Kunene was born in Cofimvaba, a small town in the Eastern Cape. In search of a job and better schooling for her son, Kunene’s mother moved them to Gauteng in 2001. They moved into a shelter in Tshepisong West. Kunene still lives in a shelter where he pays R400 a month for rent.
He went to Mandisa Shiceka High School in Krugersdorp, about 7km from where he lived. He walked to and from school every day.
Kunene said he enjoyed school because it was “structured and serious”. “We had to go to school at a certain time and do our work every day. I took it seriously because I knew education is very important.”
Kunene hoped to pursue tourism studies at college after school, but instead he had to find a job to support his mother who struggled to find permanent work since moving to Gauteng. He began selling sweets, chips and cigarettes on the side of the road, but soon realised he could not sustain his mother and himself with the money he made.

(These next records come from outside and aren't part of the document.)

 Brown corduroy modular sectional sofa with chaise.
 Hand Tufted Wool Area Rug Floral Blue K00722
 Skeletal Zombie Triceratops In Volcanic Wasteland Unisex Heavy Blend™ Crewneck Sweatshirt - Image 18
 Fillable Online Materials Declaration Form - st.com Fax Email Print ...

“I got into construction work through some friends … But that would only last for two or three months,” he said. Between construction work stints, Kunene continued searching for permanent employment.
He submitted his CV to various companies but did not hear back from them. Kunene decided to do a two-month security course at Masakhane Security Training Centre. He said the course cost him about R600.
“I didn’t have any qualifications so I thought that’s why I was struggling to find a job. I thought having a qualification in security would make it easier but I’ve had that certificate for three years now and I still haven’t found anything,” said Kunene.
“It’s really hard, I won’t lie … There are so many people around [EbuMnandini] who are unemployed, yet we still see rubbish lying around and gravel roads in our community,” he said, pointing to a rubbish-strewn field across the road.
“The government should employ people from the community to pick up the rubbish. They really need to create jobs because there is so much to do here.”